AXIOS: Biden is very concerned about losing young voters over the war in Gaza

Shafaq News/ U.S. President Biden last week pressed Israeli Prime Minister Benjamin Netanyahu to scale down the Israeli military operation in Gaza, stressing he is not in it for a year of war, two U.S. officials told Axios.

In a call last Friday, the U.S. expressed concern about the continuation of the war and the president's desire to see it end long before the November elections.

A Biden adviser told Axios the White House is very concerned about losing young voters, many of whom are opposed to the president's policy on the Gaza war.

A source close to the White House said Biden can't have the war and the growing death toll to continue dominating the news cycle as the elections get closer.

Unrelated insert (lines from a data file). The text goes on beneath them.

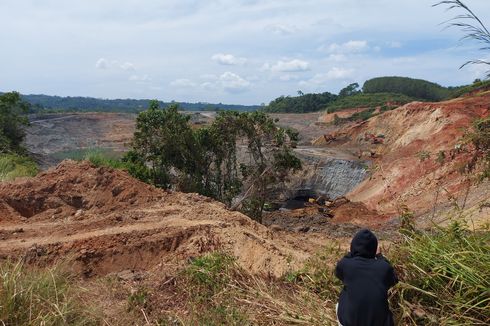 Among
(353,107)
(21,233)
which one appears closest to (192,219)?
(21,233)

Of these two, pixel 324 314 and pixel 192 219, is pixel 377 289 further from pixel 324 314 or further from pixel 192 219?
pixel 192 219

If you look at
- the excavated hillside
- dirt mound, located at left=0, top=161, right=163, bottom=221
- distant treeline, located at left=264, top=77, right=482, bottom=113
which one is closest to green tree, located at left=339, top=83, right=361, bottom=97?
distant treeline, located at left=264, top=77, right=482, bottom=113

According to Axios, at least a third of Biden's 40-minute call with Netanyahu on Jan. 19 focused on the Israeli timetable for moving to low-intensity operations across the Gaza Strip and Israel's war strategy as a whole, one U.S. official said.

Netanyahu had said the war would continue for "many more months." Speaking to the Israeli leader about that comment, Biden urged Netanyahu to move faster to low-intensity operations that would decrease the number of civilian casualties, two U.S. officials said.

Biden asked Netanyahu several times for his plan and strategy in Gaza and said he doesn't understand the "end state" the Israeli leader is envisioning for the enclave, the U.S. officials said.

Netanyahu told Biden that the transition to low-intensity fighting occurred in northern Gaza and will happen in the south. Still, the officials added that Israel needs more time than it originally thought.

Netanyahu also said that Hamas would return if the Israel Defense Forces left Gaza.

During the call, Biden asked Netanyahu to allow a U.N. mission into northern Gaza to assess the conditions for a future return of Palestinian civilians, according to a source with direct knowledge of the conversation.

He also asked that flour be moved through Israel's Ashdod port to Gaza and for Israel to help streamline the delivery of aid from Jordan through the Kerem Shalom border between Israel and the southern part of the Strip.

Netanyahu agreed to all three requests, the source said. It's unclear, however, when Israel may move on them.

A significant portion of the call between Netanyahu and Biden was focused on the ongoing talks aimed at reaching a deal to secure the release of the more than 130 hostages still being held in Gaza, the source with direct knowledge of the call said.

U.S. officials have acknowledged that reaching a new hostage deal might be the only path that could lead to a ceasefire in Gaza.

Axios said that Biden has become increasingly frustrated with Netanyahu in recent weeks.

The Jan. 19 call was the first between the two leaders in nearly a month. During their previous call on Dec. 23, a frustrated Biden ended it by saying the "conversation is over" and hanging up the phone.

In the first two months of the war that began Oct. 7, the two leaders had talked almost every other day.